→ **Task brief**
Skip the images and repeat every entry word for word.
#####
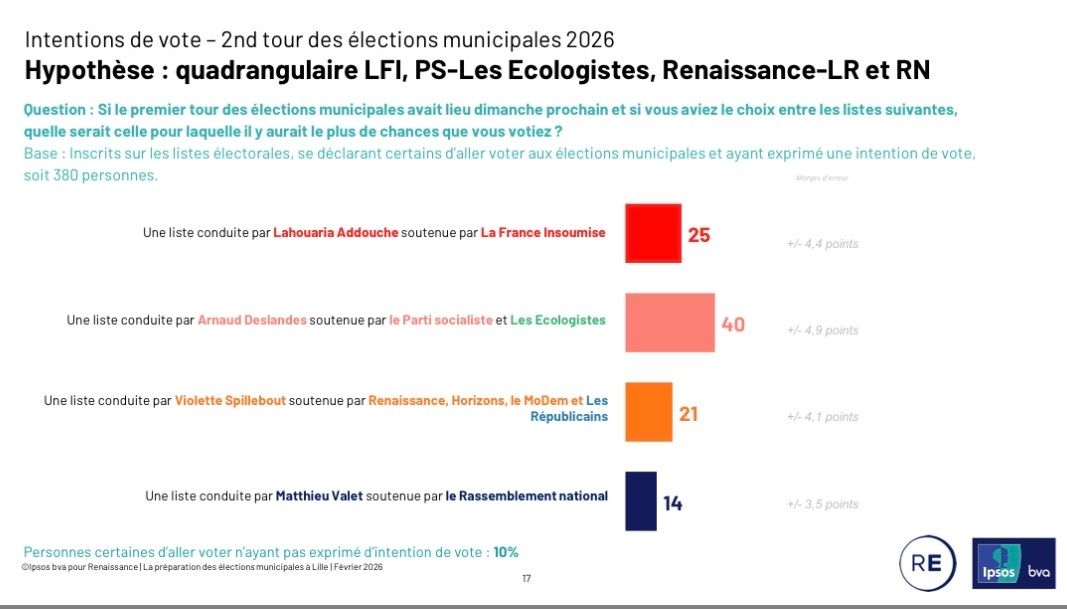 BobLeCentriste's tweet photo. #Municipales2026
  à #Lille

🔴 #Deslandes 23%
  T2 : 🥇40%
🟢 #Baly 20%
🟤 #Addouche 19%
 T2 : 25%
🟡 #Spillebout 17%
  T2 : 21%
⚫️ #Valet 13%
  T2 : 14%
🔵 #Delemer 6%
…

#Ipsos https://t.co/3h8q74wLf1 https://t.co/m9YtE9hKVi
#####
→ **Exercise solution**
 BobLeCentriste's tweet photo. #Municipales2026
  à #Lille

🔴 #Deslandes 23%
  T2 : 🥇40%
🟢 #Baly 20%
🟤 #Addouche 19%
 T2 : 25%
🟡 #Spillebout 17%
  T2 : 21%
⚫️ #Valet 13%
  T2 : 14%
🔵 #Delemer 6%
…

#Ipsos https://t.co/3h8q74wLf1 https://t.co/m9YtE9hKVi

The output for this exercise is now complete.